A fat red pig surrounded by three human figures: the picture was painted more than 51,000 years ago. On a cave wall in Indonesia, it is believed to be the oldest work of art in the world.
“This drawing, despite its simplicity, clearly tells a story, and is the oldest evidence of narrative,” archaeologist Adam Broom explained at a press conference, because it is much older than the Lascaux and Chauvet cave paintings in France, the authors of the study published today in the scientific journal Nature.
The previous record was set by a hunting scene found by the same team of researchers in 2019, also in an Indonesian cave. They estimated at the time (wrongly) that it was about 44,000 years old.
“With the latest discovery in the nearby Maros-Panjip Cave in Kilifi, we are for the first time passing the 50,000-year mark,” said archaeologist Maxime Aubert of Australia’s Griffith University. The fact that early members of the human species were able to tell such a “complex” story through art could mean we need to rethink how we understand the intellectual development of Homo sapiens, he added.
Until now, researchers have turned to a new method that uses lasers and software to recreate a “map” of the rock. This technique is more accurate, easier, faster and cheaper, and requires much smaller rock samples than the previous method, Aubert explained. It doesn’t date the painting directly, but rather the different layers of mineral elements that have accumulated over time. To test the new technique, the researchers applied it to the previous record-holder petroglyphs: They found that they were at least 48,000 years old, 4,000 years older than they thought in 2019.
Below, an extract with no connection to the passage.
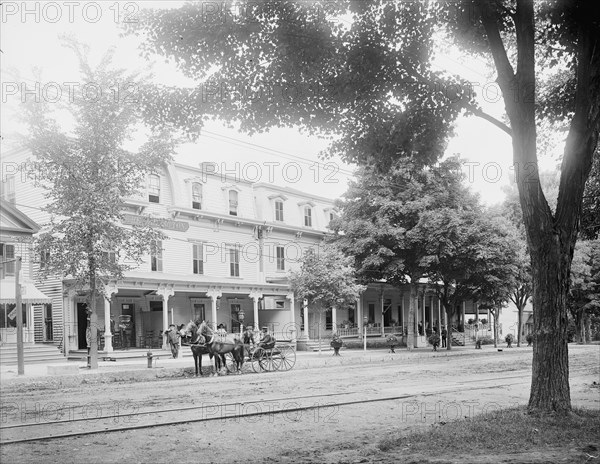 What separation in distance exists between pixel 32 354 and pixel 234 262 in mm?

They then tested the laser method on an undated image found in Kilifi in 2017. The bottom line: It was at least 51,200 years old.
The red panel, in poor condition, depicts three faces around a wild boar. It is difficult for scientists to understand the meaning of these images, which seem to describe an action, unlike the mysterious “well scene” at Lascaux (21,000 years ago), in which a man with a bird’s head is knocked down by a bison.
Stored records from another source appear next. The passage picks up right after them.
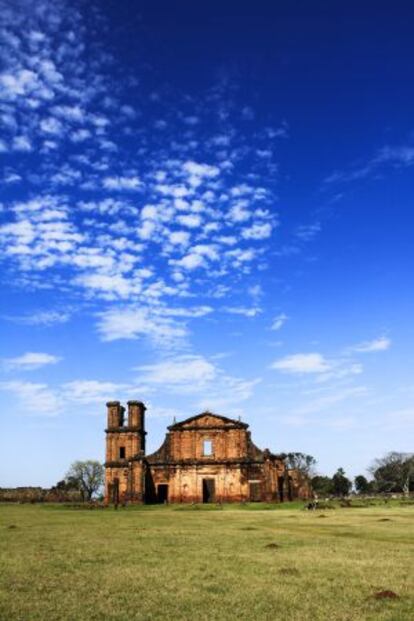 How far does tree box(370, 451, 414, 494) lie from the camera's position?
10006 cm

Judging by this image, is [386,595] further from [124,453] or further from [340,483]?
[340,483]

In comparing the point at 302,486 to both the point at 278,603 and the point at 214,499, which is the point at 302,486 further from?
the point at 278,603

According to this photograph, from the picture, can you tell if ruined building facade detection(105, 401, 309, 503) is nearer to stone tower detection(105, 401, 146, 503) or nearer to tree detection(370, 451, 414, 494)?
stone tower detection(105, 401, 146, 503)

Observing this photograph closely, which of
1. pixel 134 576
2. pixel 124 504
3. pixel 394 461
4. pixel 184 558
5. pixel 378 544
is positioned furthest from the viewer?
pixel 394 461

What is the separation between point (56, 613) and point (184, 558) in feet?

Maxime Aubert speculates that the painting is likely the work of early humans who crossed Southeast Asia and then reached Australia, around 65,000 years ago. “It may be a matter of time before we find older specimens,” he commented.
The oldest hand-drawn designs known today are simple lines and patterns found in South Africa and estimated to be 100,000 years old. Maxime Aubert notes that there is a “huge gap” between this early “work of art” and cave paintings in Indonesia.
Before the discoveries in Indonesia, archaeologists believed that the first “narrative” images appeared in Western Europe, such as a 40,000-year-old statue of a man with a lion’s head found in Germany.